Marcel Duchamp and a prediction about art and craft

We are approaching a very important centenary in the art world, the creation of Marcel Duchamp’s “fountain”, arguably the most important work of art of the 20th century. Was he taking the piss? and why should craftspeople have any interest in it?

The point of fountain was that Duchamp was arguing that aesthetics and skill were not what made art, it was the artists idea that mattered.

Under the guise of an assumed name R Mutt, Duchamp submitted a porcelain urinal as an entry for an open exhibition in New York in 1917. With this work Duchamp metaphorically urinated on the bourgeois art institution and its adoration of what he referred to disparagingly as ‘retinal art’. “Fountain” was “misplaced” for the duration of the exhibition and lost soon afterward yet years later it achieved seminal status. It was not the worlds first ready-made, Duchamp showed “bicycle wheel” in 1913 but it is fountain that became iconic.

So what is the relevance today? Well trace Duchamps ideas forward 100 years and we see a century of art where skill and aesthetics were not seen as important and where ready-mades and installation art were where it was at. That century is coming to an end and personally I feel that the current art world is as self obsessed and out of touch as the one which Duchamp so successfully took the piss out of 100 years ago. Frankly there is only so much navel gazing and exposing to public view the least pleasant aspects of your past that the public want to see and after a while does it have any relevance or serious message?

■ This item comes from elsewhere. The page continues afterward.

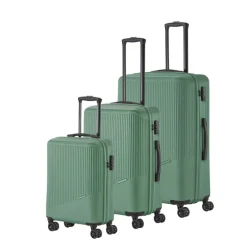 Travelite Bali 4 Wiel Trolley L green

So who will be the new Duchamp? Who will challenge the current ideas of where artistic merit lies? And where will that merit be found? Personally I fancy we will see a return to or perhaps some new form of appreciation of aesthetics and skill. I think we will again appreciate an artist who can create something of great beauty more than one who presents ready-mades or installations with some art speak justification. Why will this happen? Well in part what we have always admired and valued throughout history has been rarity and today there are not many folk that can grind pigments, mix oils and paint a decent picture, nor carve a stone for a cathedral window, nor make a basket, nor forge a gate hinge, yet conceptual art is taught to tens of thousands of university graduates every year.

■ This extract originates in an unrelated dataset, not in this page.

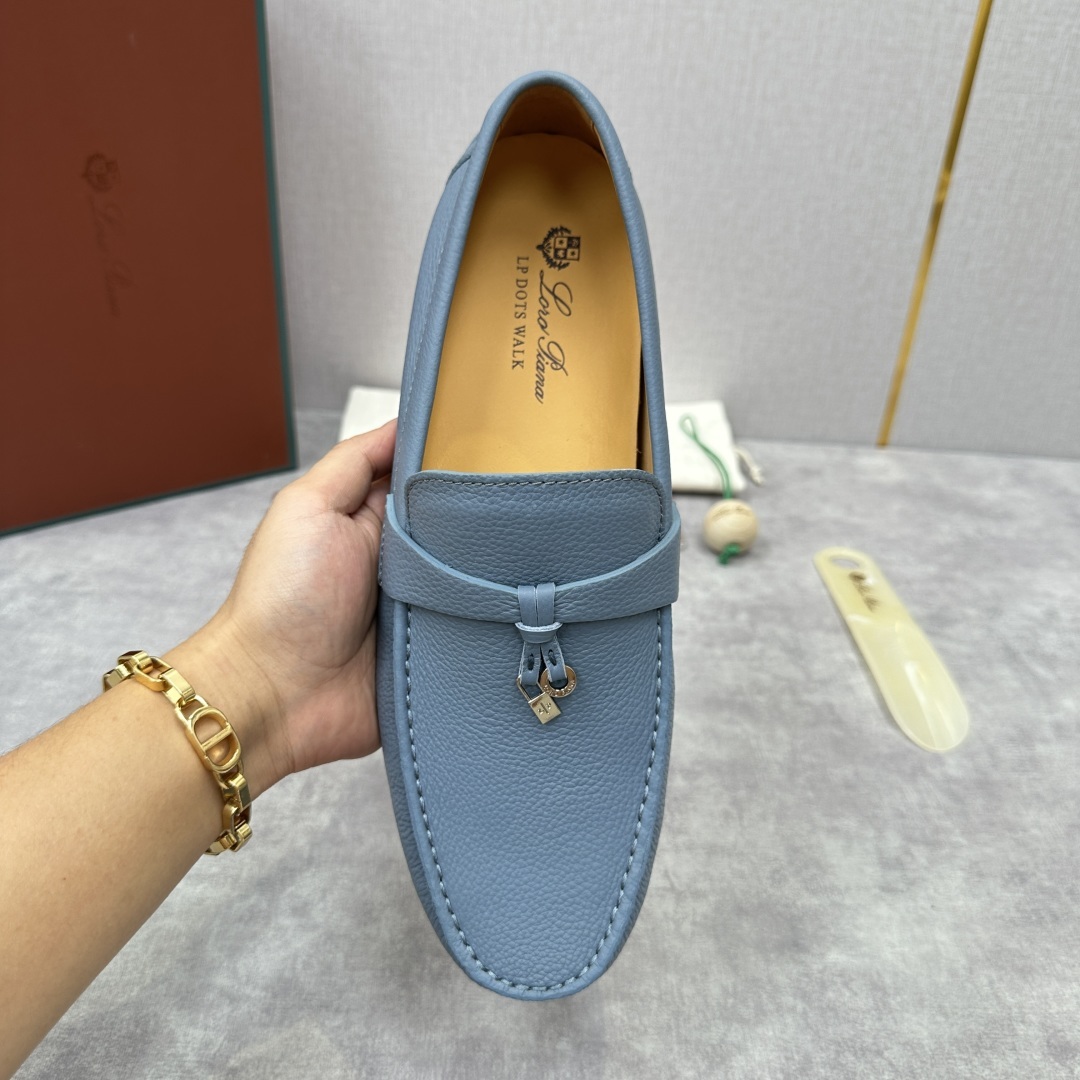💋💍LP新品上架 Loro Pia* 诺悠-翩雅 Dot Sole Walk 男士莫卡辛男鞋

Satchi et al have huge vested interest in maintaining the artistic status quo and will rubbish any suggestion that these things have as much merit as Emin’s latest but I genuinely feel they have more to say of importance to today’s world than most conceptual art. They comment on how we make the stuff of everyday life, on working conditions and waste and sustainability. It will be a few years coming but my prediction is that we are approaching the time when someone who makes humble functional craftwork will be valued as much as someone who makes art installations. And the funny thing is that I reckon if Duchamp was around today he would be rebelling against today’s art institution as much as he did in 1917.

4 Responses to Marcel Duchamp and a prediction about art and craft

  1. Dawn Turner July 6, 2011 at 8:06 pm #

    Great post Robin, I think you're so right on many points

  2. Tico Vogt July 7, 2011 at 2:10 am #

    Refreshing commentary. I'm in full agreement.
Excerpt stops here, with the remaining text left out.